I know this is somewhat digressing, but I was watching "Bend it like Beckham" this weekend, and the same issues of double standards arose that I'm finding in this book. Why can men be upset about the situations they fnd themselves in (such as not having enough money to support their famalies, not being able to change their situation), but women cannot? Why do women have to turn to men to find the happiness they deserve in life. I am so proud of the woman who hollers as she passes over the creek in that tale about the wife escaping her husband. chicanas need to see that it is alright for a woman to be independent, and that she can make it out there in the real world wihtout a man.
Many times in these stories, the woman has to feel ashamed for being sexual but the man doesnt (why should the woman have to move away when she is pregnant but he man can stay wherever he pleases and continue on with his life sans-baby?)
It is just sad to me that these issues have to be written about in a book for us to be aware of what they are. They should not be a problem, period.

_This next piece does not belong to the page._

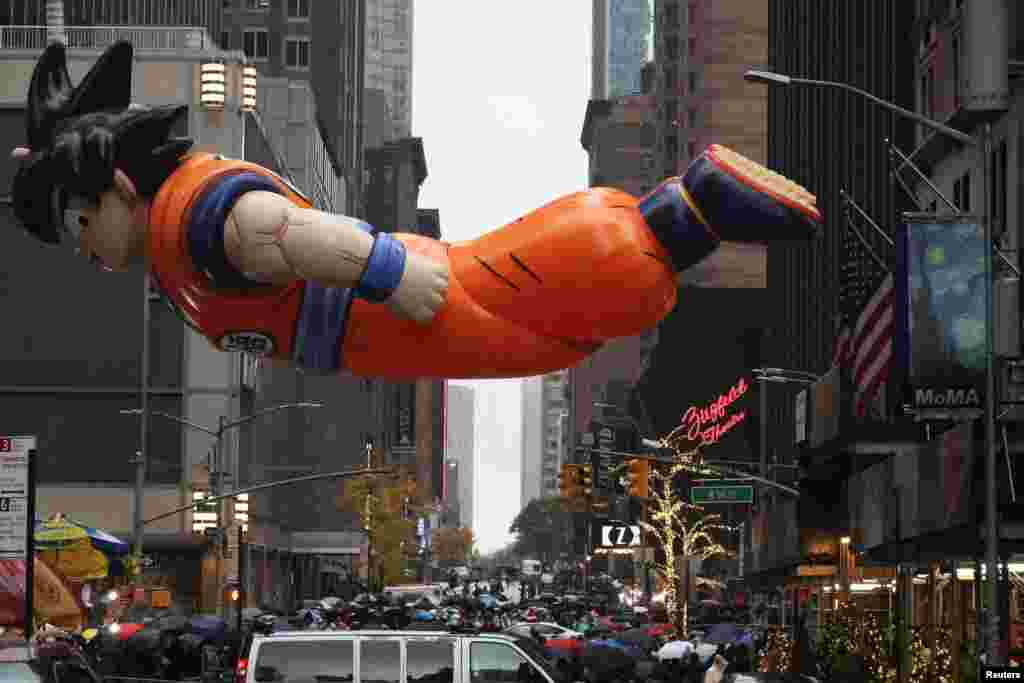 Goku balloon flies during the Macy's Thanksgiving Day Parade in New York City, Nov. 28, 2024.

And along that note, north american women are no better than those in this book. We too wait anxiously to find the right man that will suddenly make our lives complete. We too rely on sitcoms to dictate what our relationships should resemble. I am not going to stant here (or rather write here) about how different these women are from us, because they are not. They may be faced with some hardships that we take for granted, but overall: they are just women. Women who live life just like us and should get our empathy from the heart.